Is there some worse evil they could suffer?

And if you stand by, in the midst of all of that, and you say, "I'm okay; you're okay; go for it; doesn't matter; you're doing a good job"--are you showing love? Are you showing compassion? Or are you, instead, inflicting, abetting, aiding, enabling, the most grievous evil that one person can inflict upon another?

If we love--if we, in fact, feel true compassion--then it is the compassion that will reach from the heart of God's truth, in the truth of God's mercy, with the love that seeks to better life, not to help others destroy it.

And that, I think, is the true meaning of the work that you do. Good not only because you reach a hand to those who are in need, you provide a voice to remind them of the voice of God's love. But because you do so with a heart, and with a mind, that respects His truth and calls them back to it.

It is harder that way, but it is a truer love. It may take a little more of yourself that way, but you give a greater gift.

The moment that always touches me the most, I guess, when I am participating in a gathering aimed at supporting a crisis pregnancy center, is when they go down the list. And the beautiful part of it is, they not only talk about how many folks have come in, how many folks have been served, and, in some places, of course, they'll talk about how many sonograms, and this and that; they won't just talk about that--the beautiful moment for me, and sometimes it just slips by, is they will tell you, "And, you know, of the 75 folks who came in, in the past 'x' time, 25 have accepted the Lord Jesus Christ."

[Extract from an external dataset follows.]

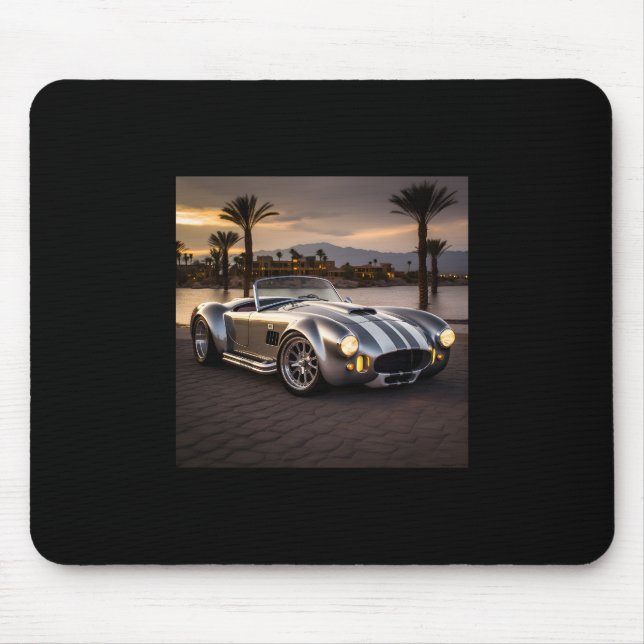 Colourful Matte Race Car Printed Mouse Pad - Enhan (Front)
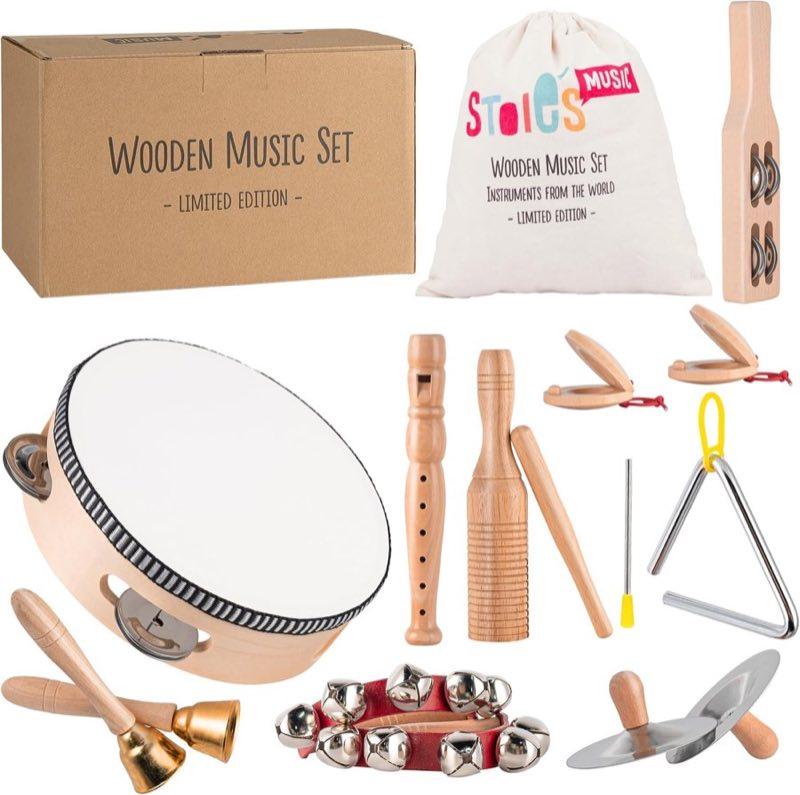 Stoie's Stoie's Holz-Percussion-Set TM2033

I wonder how many people who are leading folks into abortion clinics will ever be able to say that.

You bring the gift of life. But it is not just the gift of physical life, to that babe in the womb. It is rather the re-opening of the floodgates of life to the heart of that mother--a heart that will, over time, then, grow in God's love, grow in God's mercy, to become, as many of you have become, a portal of that grace and mercy to another in need.

And the tears that flow are, therefore, not just tears of commiseration. They become the tears of joy, because they wash away not only pain, but sin itself. And, in that washing, do the work of God.

It is not for me to thank you for that work. For He Who is greater than us all reserves for you the only thanks that matters.

But I do want to say that, as I look out over all of you in this room, I see not only men and women dedicated to the mundane task of keeping a door open and keeping an organization going. I see here, rather, those who, though we may never acknowledge it, are charging up the hills and winning the battles that shall, this time, determine the fate of our freedom.

You may never receive the Congressional Medal of Honor; but you shall receive that honor which, because it lasts eternally, needs no Congress or legislation to bestow it.

And I think too, that when this country comes back to the life of truth, you shall receive, as Moses did, the grateful thanks, the blessings, and the prayers, of those whom you shall never see, but who will live in the land of promise you have helped to save.